Security Roundup - 2017-09-29

Posted on  by and

Another year, another DerbyCon. And less than a week later, videos are already up!

Adobe PSIRT publishes their private GPG key. Sometimes you get overzealous with copy and paste, and bad things happen. This is one of those times. Adobe’s PSIRT has since published a new public key for contacting them. The article also laments the state of secure email, and the fact that the PGP creator can’t use encrypted mail on his iPhone.

NIST is looking for post-quantum computing Cryptography. High levels of research around quantum computing is helping drive conversations about what cryptography needs to look like in the future when today’s implementations could be trivially brute-forced. Announced candidate suites have now been listed.

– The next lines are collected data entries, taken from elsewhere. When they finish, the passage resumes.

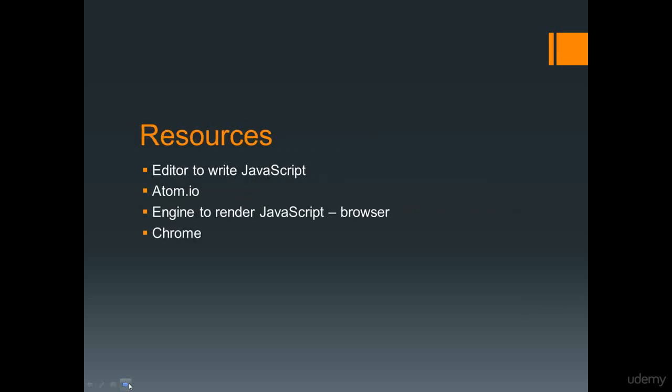In order to write JavaScript, you only need two resources. One of them is an editor, somewhere to write out your code, just like HTML and CSS, and the other one is a way to render out that JavaScript, and JavaScript can be rendered out by a browser. The same thing as HTML and CSS, all of these can be rendered out via the browser, so you don't need any additional tools other than a web editor or somewhere to write some code and then your browser in order to be able to see it. In this course and in upcoming lessons, we're going to be using Atom.io as our editor and Chrome as our browser.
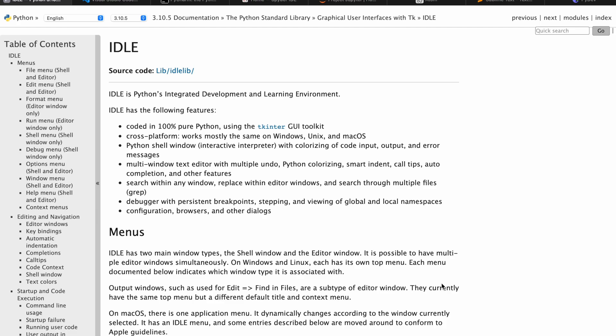I'm going to discuss some of the tools which we can use for programming, especially for Python. I'll show you one by one. The first one is IDLE, which stands for Integrated Development and Learning Environment.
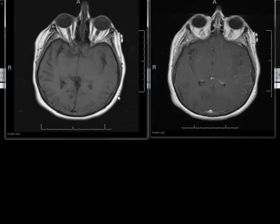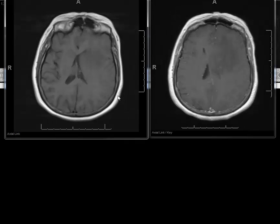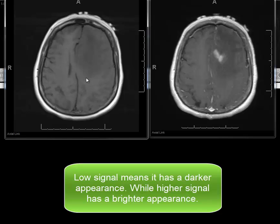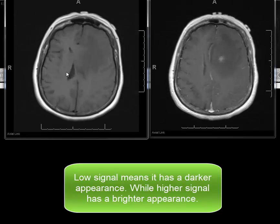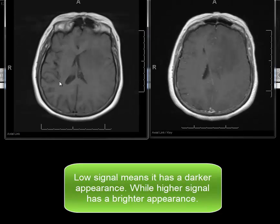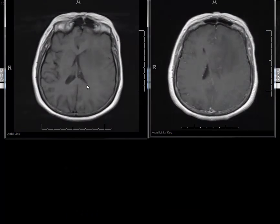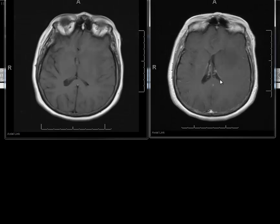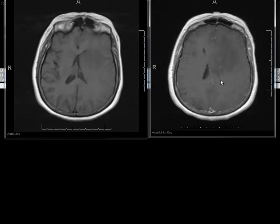In this sequence, the CSF is low in signal, so you can see that the ventricles have low signal. The white matter is brighter than the gray matter. This is employed in conjunction with gadolinium contrast, as seen here on your right side, because enhancing lesions are bright on T1.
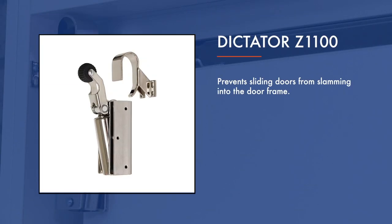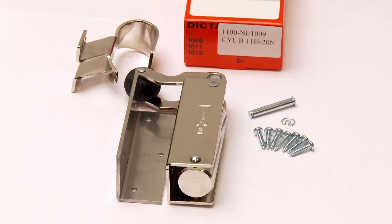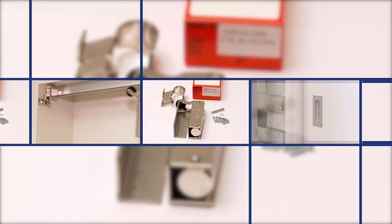Dictator Door Checks. You can put an end to slamming doors. Type Z1100 is designed for use on sliding doors and is supplied with a stainless steel mounting bracket and fixing screws as standard.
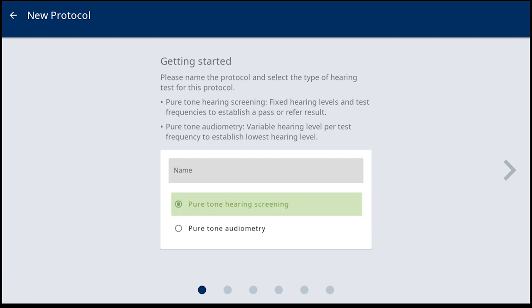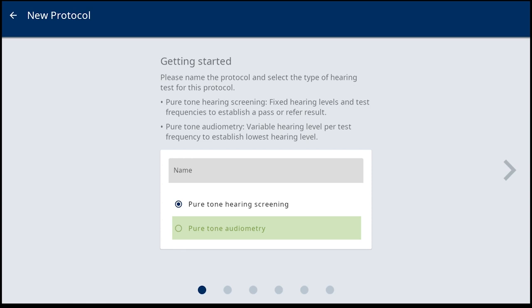PureTone Hearing Screening offers the sweep screen approach, and PureTone Audiometry includes the level adjustments within the test screen.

Google makes moves to secure more of the web. HTTPS Strict Transport Security is a mechanism by which you instruct the browser to force upgrade to SSL for certain sites. While this is generally for domains and subdomains, Google has made steps to expand the scope by adding domain suffixes they control to the list, effectively stating that all content for .google, .foo and .dev must be encrypted, though sure to be rolled out to all 45 of the TLDs they control.

Car tracing data leaks online. Demonstrating that data leaks from the oddest places, records from a car tracing service has been leaked online. The archive contains vehicle identification numbers, emails, passwords and more. Additionally, all the tracking data is also accessible, meaning these users movements were available over 120 days.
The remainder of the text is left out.